What makes this scenario particularly worrisome is that policymakers in U.S., Japan and Europe have already exhausted both their monetary and fiscal ammunition to avert or even cushion the repercussions of such a scenario. So, what should investors do?
A recession is normally bad for the overall equity (especially cyclical stocks) and commodity markets; and good for fixed income markets. But with interest rates at record low levels, things aren’t that simple. Here are five trades investors may want to consider:
1. Sell high-flying cyclical stocks. For more than two years, commodities had everything going their way. This is especially true for materials and precious metals: ultra-accommodating monetary and fiscal policy, a falling dollar, a growing world economy, inflationary expectations, and soaring sovereign debt. Walter Energy (WLT) that missed on second quarter revenues by a great margin is up 400 percent since 2009. Cliffs Natural Resources (CLF) is up 300 percent. iShares silver trust (SLV) is up 150 percent since early 2009; SPDR Gold Shares (GLD) is up 98 percent; and Freeport-McMoRan Copper and Gold (FCX) soared 300 percent. But with rising long-term interest rates and the world economy sliding into recession the commodity rally is over; and may be succeed by a bear market.
2. Be Selective on Chinese stocks. A global recession will slow-down for Chinese products, and may even intensify trade tensions between the two countries. Besides, as we discussed in a previous article, buying Chinese companies traded in U.S. exchanges is a high-risk strategy, as these companies are subject to frequent changes in rules and regulations that undermine their ability to stay in business and maintain profitability. Smaller Chinese companies, especially those listed through ”reverse mergers,” are conducive to accounting fraud and manipulation. While I will stay with quality names Sina Corporation (SINA), Baidu, Inc. (BIDU), and Sohu.com Inc. (SOHU) that had good earnings reports, I will stay away from Youku.com, Inc. (YOKU), E-Commerce China Dangdang (DANG), Renren Inc (RENN). and the likes that had missed earnings expectations.
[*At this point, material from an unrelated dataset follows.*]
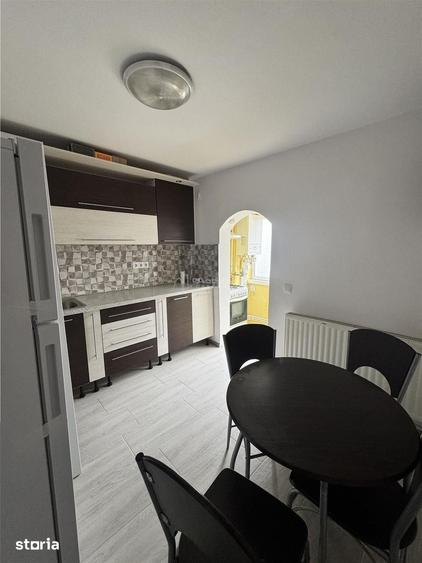 Apartament cu 2 camere decomandat în Liliacului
3. Stay Away from momentum stocks. Momentum investing is a strategy based on hype about an investment theme, a new product or a new industry that captures and captivates the investor mind-- at times when money is cheap. In the late 1990s, the theme was telecommunications and networking, with momentum funds flowing into companies like Ciena Corp (CIEN), JDS Uniphase Corp (JDSU), Corning, Inc. and Ariba Inc. (ARBA). Now the theme is social media and web-based companies, like Netflix, Inc. (NFLX), Open Table Inc. (OPEN), and LinkedIn Corp (LNKD). Momentum investing can be very rewarding as long as it lasts. But it can result in hefty losses once it fades away, especially for investors who got in at the top.
4. Stay away from U.S. Treasuries -- and Treasury ETFs like TLT. Though U.S. Treasuries are the first investment to come in mind when the economy heads into recession. This time yields are already near record low levels, notwithstanding the impending downgrades by US. So any gains from these levels will be limited.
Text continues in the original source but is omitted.